Artist

Tompros Michalis (1889 – 1974)

Biography

The sculptor MichalIs Tombros was born in Athens in 1889 and passed away in the same city in 1974.
He came from a family of marble sculptors from the island of Andros.
He studied at the School of Arts under professors G. Vroutos and L. Sochos from 1903 to 1909. In 1914, he continued his studies at the Académie Julian in Paris (studios of L. H. Bouchard and P. M. Landowski) as a scholar of the Averoff Foundation.
In 1919, he was appointed Professor of Sculpture at the School of Architecture of the National Technical University of Athens.
In the following years, he traveled frequently to Paris to complete commissions and lived there from 1925 to 1928. He published the magazine ’20th Century’ (1933–1934).

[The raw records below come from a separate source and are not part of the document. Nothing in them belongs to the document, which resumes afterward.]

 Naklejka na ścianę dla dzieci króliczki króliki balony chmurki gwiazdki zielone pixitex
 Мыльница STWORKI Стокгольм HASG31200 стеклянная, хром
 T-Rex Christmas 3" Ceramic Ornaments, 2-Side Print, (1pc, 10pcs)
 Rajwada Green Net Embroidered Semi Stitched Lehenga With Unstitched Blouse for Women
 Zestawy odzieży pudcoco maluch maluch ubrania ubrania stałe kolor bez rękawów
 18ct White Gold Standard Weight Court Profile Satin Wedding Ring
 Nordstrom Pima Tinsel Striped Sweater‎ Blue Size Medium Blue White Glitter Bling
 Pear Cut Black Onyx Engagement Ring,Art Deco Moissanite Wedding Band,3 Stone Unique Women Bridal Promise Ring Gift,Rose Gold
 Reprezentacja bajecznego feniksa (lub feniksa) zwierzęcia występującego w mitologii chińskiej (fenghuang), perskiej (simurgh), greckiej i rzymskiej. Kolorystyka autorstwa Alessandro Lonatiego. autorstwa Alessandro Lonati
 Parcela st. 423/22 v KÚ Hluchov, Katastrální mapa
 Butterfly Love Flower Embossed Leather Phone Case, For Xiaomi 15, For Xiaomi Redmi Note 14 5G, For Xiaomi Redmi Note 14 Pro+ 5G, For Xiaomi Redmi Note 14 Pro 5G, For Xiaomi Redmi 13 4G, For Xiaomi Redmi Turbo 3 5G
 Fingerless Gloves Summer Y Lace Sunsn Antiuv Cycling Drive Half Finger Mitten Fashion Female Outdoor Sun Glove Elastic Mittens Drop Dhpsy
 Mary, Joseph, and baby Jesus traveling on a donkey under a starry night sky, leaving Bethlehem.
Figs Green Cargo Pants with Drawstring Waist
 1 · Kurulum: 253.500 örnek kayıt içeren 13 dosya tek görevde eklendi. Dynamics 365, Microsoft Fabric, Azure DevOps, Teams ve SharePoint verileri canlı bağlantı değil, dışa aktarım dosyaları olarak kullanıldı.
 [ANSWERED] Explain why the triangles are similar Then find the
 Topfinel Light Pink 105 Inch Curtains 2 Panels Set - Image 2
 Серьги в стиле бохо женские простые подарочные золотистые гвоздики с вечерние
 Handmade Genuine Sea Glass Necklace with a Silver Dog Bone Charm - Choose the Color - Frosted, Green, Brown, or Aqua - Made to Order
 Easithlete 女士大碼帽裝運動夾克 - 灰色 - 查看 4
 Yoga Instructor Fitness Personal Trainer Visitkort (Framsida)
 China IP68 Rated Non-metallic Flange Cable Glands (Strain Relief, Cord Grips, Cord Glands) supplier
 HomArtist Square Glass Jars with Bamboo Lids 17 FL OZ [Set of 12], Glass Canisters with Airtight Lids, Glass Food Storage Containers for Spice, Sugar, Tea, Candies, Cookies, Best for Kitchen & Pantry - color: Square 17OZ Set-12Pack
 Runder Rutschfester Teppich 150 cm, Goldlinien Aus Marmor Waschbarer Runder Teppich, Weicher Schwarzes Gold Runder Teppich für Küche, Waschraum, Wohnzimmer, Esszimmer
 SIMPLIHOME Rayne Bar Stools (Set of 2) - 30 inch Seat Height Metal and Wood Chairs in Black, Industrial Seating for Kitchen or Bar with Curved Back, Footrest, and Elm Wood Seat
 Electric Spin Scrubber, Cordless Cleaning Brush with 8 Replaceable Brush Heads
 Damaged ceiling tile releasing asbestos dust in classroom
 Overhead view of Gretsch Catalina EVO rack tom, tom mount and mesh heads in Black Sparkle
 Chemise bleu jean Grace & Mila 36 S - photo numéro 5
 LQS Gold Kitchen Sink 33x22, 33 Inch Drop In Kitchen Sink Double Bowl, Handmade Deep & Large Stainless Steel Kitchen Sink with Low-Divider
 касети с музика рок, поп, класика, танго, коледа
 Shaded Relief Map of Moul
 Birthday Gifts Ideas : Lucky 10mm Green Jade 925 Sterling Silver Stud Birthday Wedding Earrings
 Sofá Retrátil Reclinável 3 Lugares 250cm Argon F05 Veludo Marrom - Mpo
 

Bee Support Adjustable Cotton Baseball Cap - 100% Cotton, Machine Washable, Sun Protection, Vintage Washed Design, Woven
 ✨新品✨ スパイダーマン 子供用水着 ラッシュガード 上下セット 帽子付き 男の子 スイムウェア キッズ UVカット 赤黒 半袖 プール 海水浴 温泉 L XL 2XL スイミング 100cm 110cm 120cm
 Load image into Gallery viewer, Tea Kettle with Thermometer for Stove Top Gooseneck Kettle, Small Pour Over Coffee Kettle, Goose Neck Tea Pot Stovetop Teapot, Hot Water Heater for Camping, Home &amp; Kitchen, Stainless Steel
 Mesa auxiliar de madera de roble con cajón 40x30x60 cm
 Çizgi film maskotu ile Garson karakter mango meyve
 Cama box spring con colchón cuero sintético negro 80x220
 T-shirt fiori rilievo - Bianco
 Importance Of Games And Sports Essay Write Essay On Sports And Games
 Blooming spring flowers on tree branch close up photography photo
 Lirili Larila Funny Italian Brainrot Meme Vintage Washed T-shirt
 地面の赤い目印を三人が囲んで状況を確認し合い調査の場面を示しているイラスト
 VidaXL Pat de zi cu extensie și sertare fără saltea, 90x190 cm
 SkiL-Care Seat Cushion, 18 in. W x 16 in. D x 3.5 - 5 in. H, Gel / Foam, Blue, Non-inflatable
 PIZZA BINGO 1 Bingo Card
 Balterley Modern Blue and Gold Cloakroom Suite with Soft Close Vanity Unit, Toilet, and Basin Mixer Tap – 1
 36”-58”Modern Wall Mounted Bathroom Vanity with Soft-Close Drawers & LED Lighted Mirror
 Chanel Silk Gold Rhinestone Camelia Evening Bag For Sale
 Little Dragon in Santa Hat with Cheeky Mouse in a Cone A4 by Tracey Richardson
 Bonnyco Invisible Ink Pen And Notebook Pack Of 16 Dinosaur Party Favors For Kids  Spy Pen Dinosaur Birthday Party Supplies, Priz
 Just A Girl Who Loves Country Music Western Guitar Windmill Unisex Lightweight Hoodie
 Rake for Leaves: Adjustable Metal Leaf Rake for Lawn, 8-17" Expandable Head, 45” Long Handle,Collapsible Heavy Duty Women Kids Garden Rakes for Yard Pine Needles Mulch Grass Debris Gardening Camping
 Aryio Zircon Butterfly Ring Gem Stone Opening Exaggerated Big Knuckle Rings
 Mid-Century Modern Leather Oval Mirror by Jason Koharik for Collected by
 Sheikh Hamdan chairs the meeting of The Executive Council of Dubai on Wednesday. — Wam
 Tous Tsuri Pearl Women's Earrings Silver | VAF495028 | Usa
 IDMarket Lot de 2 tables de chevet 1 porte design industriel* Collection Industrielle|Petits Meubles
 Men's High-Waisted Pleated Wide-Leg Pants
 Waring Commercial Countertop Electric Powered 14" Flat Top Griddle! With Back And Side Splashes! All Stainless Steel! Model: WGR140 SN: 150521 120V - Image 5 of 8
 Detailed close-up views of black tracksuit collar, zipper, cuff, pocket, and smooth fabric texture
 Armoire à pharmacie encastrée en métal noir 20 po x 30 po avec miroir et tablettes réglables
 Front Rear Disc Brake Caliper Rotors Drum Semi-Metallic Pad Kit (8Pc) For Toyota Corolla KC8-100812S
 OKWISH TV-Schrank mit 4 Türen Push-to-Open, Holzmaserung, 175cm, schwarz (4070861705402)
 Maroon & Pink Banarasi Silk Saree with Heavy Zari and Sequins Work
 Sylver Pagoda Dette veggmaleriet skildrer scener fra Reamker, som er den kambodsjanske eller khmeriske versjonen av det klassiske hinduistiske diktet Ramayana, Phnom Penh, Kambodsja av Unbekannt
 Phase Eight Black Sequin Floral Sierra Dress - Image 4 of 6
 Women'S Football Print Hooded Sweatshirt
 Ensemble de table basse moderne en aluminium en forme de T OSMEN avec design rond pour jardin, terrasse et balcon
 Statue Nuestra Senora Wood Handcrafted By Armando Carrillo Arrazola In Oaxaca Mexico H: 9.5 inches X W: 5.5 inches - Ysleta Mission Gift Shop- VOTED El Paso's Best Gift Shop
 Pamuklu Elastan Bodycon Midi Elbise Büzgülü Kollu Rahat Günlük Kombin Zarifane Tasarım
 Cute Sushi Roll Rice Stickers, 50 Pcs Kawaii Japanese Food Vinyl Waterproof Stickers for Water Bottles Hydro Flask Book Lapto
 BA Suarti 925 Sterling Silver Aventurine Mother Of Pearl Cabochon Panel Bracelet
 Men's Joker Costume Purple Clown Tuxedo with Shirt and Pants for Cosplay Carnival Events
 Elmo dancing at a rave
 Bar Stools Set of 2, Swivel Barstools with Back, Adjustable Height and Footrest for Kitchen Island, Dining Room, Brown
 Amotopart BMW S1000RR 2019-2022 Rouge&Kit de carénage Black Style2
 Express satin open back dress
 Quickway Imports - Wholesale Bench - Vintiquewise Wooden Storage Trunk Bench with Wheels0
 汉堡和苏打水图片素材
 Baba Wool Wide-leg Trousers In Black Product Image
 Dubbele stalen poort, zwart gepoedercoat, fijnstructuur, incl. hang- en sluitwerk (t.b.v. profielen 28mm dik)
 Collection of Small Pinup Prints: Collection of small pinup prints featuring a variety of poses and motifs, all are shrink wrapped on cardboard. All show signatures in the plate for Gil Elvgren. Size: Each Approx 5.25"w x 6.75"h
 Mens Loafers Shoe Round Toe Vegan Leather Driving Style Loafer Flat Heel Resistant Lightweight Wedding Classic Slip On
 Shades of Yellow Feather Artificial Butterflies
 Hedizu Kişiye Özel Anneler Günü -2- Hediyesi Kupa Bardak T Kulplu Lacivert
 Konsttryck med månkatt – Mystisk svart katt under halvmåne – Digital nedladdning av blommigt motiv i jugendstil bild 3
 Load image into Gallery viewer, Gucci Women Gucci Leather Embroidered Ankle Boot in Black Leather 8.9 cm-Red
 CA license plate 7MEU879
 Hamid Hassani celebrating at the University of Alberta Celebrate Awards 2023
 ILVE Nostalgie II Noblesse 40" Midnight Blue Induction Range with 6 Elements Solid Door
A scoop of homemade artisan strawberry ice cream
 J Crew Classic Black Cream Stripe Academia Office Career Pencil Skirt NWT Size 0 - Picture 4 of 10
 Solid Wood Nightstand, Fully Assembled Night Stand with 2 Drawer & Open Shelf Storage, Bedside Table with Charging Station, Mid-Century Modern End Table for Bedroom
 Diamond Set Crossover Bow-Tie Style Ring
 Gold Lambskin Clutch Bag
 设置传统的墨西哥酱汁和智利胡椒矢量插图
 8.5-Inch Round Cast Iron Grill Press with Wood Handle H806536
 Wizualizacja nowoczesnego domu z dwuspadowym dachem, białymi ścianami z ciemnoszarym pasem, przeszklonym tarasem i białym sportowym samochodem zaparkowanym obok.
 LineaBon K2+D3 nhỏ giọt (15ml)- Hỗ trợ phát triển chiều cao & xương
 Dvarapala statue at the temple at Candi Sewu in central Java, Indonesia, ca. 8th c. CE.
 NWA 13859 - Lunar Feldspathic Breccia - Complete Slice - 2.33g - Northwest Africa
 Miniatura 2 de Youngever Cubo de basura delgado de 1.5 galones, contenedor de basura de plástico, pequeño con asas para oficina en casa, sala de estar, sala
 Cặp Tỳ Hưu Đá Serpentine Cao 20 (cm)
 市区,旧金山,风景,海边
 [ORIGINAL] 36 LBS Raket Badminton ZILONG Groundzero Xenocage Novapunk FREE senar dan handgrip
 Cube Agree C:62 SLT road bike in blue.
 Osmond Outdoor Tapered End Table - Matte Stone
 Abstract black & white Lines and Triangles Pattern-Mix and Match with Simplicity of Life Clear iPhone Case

In 1938, he became a professor at the 2nd Sculpture Studio of the Athens School of Fine Arts, a position he held until 1960.
In 1968, he was elected a regular member of the Academy of Athens and served as its president in 1970.
A characteristic of his sculpture is the dualism that distinguishes his public commissions (such as the model for the statue of the poet Rupert Brooke on Skyros) from his private works. The statue of Rupert Brooke, placed at the tomb of the philhellene poet on Skyros, is a representative example of the former category. Its application of the principles of Neoclassicism, Romanticism, and Symbolism stands in contrast to the modernism of his free creative work.
His work was presented in solo exhibitions (‘Stratigopoulou Gallery’ 1924, Hellenic American Union 1972, etc.) and in numerous group exhibitions in Greece and abroad (‘Artistic Society’ 1908, Venice Biennale 1934, 1938, 1956, Paris, Cairo, Belgrade, São Paulo, Geneva, etc.).